La France au bord du burn-out : contre la résignation, l’action locale pour changer de modèle
« La France est au bord du burn-out…et nos résignations » : la semaine dernière, le succès sur les réseaux sociaux de ce billet de blog de l’influenceur « Vinvin » en disait long sur l’état d’esprit qui règne en France actuellement, depuis de (trop) longues années.

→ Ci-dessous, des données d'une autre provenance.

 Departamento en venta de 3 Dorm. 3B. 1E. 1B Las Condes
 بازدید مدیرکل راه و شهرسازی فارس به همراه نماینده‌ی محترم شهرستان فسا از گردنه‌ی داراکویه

Pour celles et ceux qui ne l’auraient pas lu, quelques extraits éloquents :
- « Je vis dans un pays malade de partout, avec à sa tête des petits Français, élus par la magie de tous nos renoncements, assis sur leurs privilèges, vidant les caisses à tour de rôle et à tours de bras sous nos yeux ébahis, se moquant allègrement de nos conversations et de nos avis, s’octroyant des primes, des salaires, des taux, des toits et des avantages généreux, inventant des lois scélérates sous la panique, chantant la Marseillaise au Congrès de Versailles, la larme à l’oeil entre deux mises en examen, désertant leur poste à l’Assemblée… »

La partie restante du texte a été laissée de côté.